--- START ---

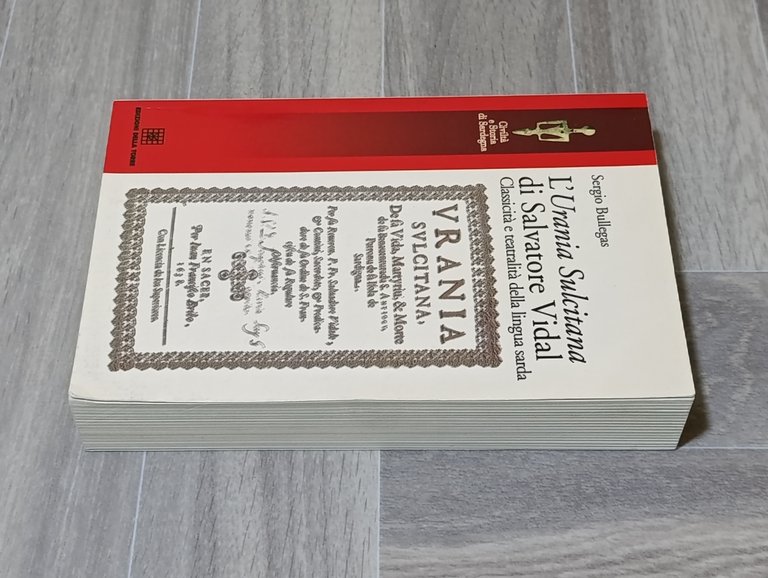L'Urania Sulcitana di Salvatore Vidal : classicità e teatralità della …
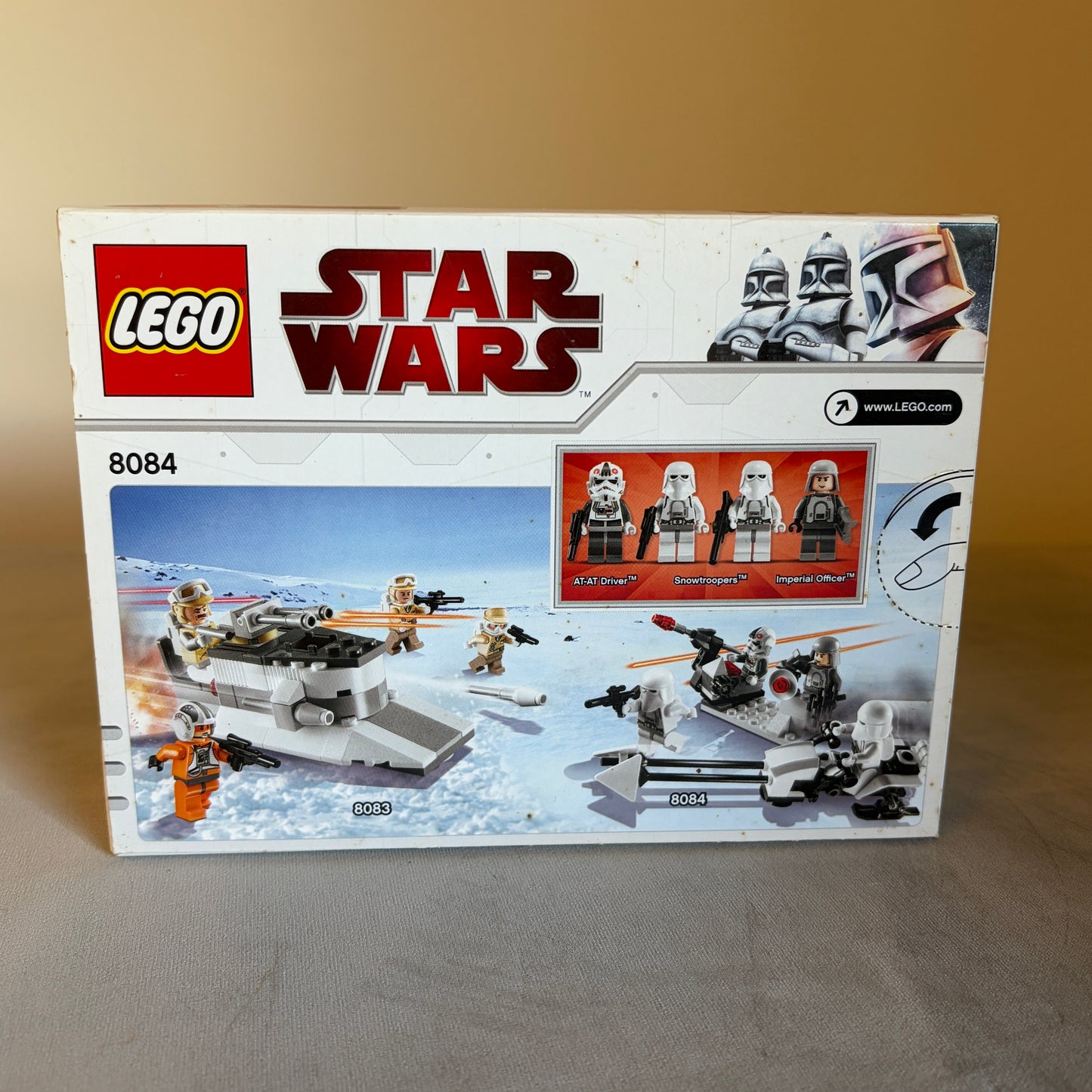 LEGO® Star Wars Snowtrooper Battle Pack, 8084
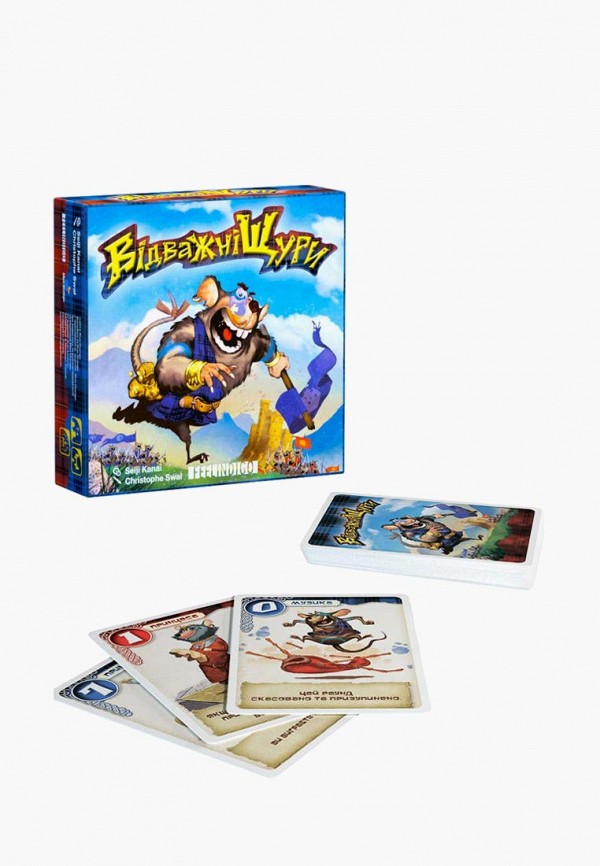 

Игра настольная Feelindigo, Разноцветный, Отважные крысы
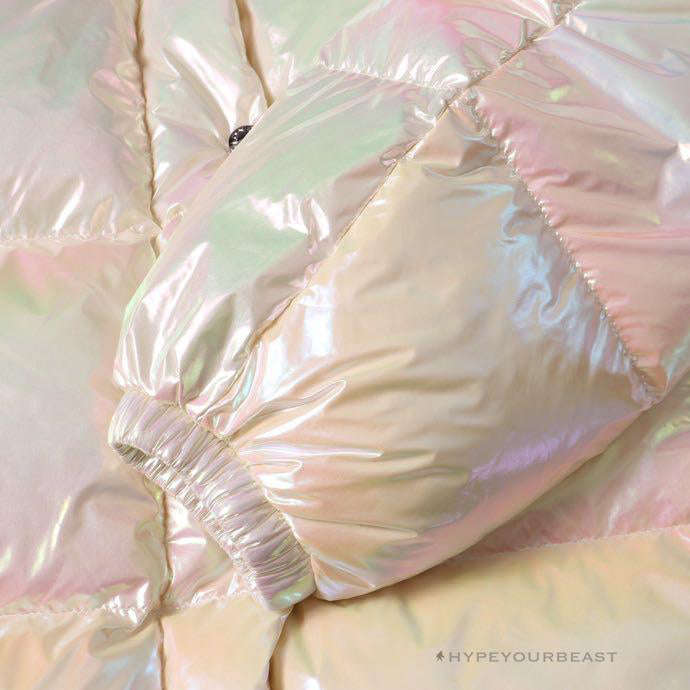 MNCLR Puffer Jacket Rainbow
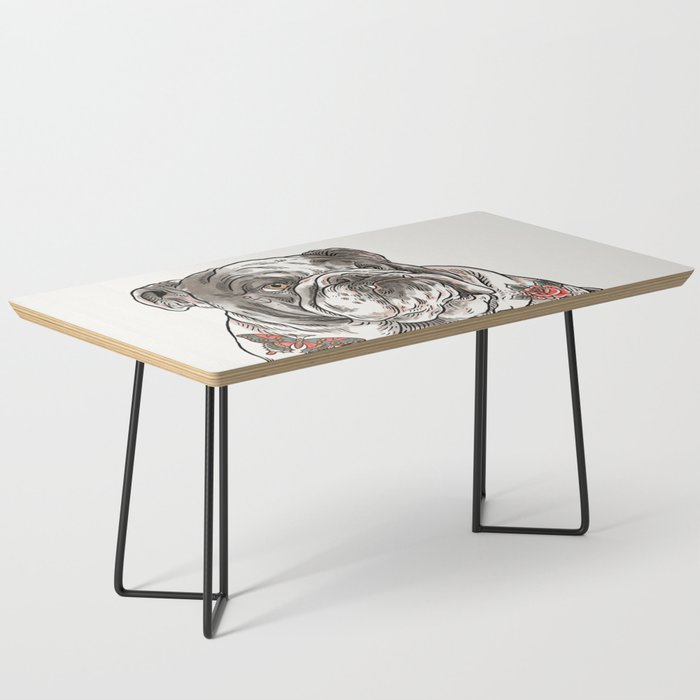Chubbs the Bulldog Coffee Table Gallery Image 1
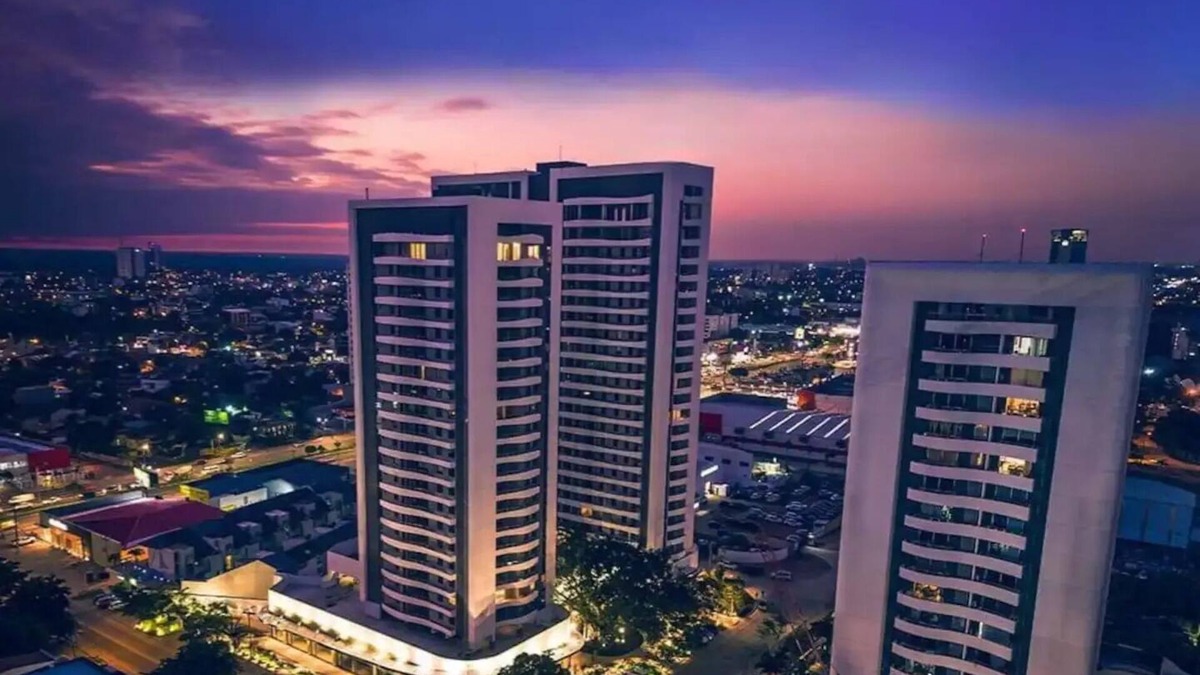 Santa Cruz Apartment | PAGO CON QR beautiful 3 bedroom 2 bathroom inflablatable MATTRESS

--- END ---
--- START ---

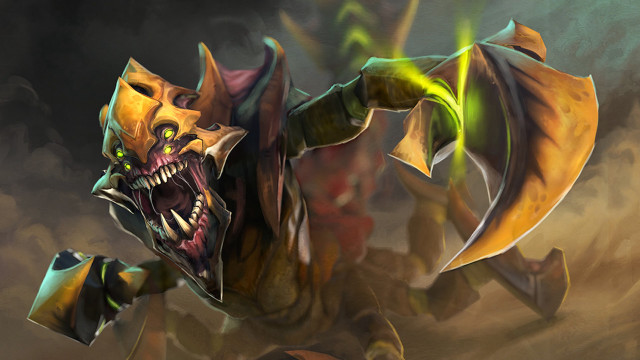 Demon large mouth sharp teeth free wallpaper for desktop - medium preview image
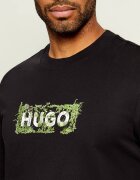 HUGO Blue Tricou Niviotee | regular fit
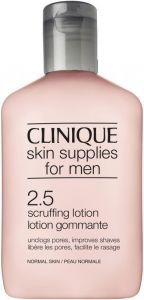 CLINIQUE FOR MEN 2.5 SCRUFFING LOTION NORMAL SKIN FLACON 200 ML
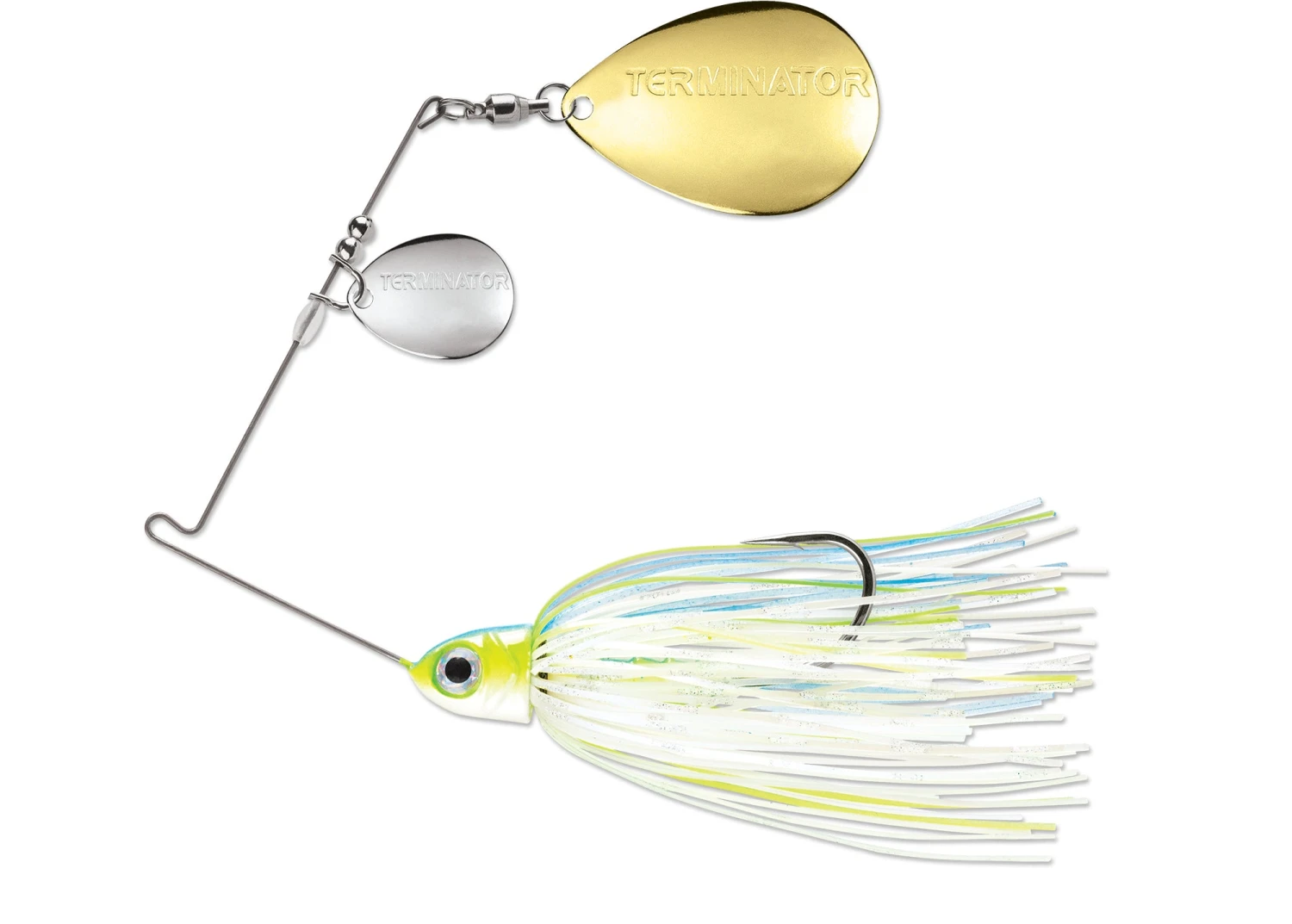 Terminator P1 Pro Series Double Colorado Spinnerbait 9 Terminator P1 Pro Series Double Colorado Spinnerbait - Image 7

--- END ---
--- START ---

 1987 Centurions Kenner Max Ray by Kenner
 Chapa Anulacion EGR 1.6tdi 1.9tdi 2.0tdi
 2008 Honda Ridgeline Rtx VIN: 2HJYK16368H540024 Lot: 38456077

--- END ---

• **Requirement**
Using the listing above, reproduce word for word every line from the one containing "LEGO® Star Wars" through the one containing "Santa Cruz Apartment". Pictures must be left out.

• **Written answer**
 LEGO® Star Wars Snowtrooper Battle Pack, 8084

Игра настольная Feelindigo, Разноцветный, Отважные крысы
 MNCLR Puffer Jacket Rainbow
Chubbs the Bulldog Coffee Table Gallery Image 1
 Santa Cruz Apartment | PAGO CON QR beautiful 3 bedroom 2 bathroom inflablatable MATTRESS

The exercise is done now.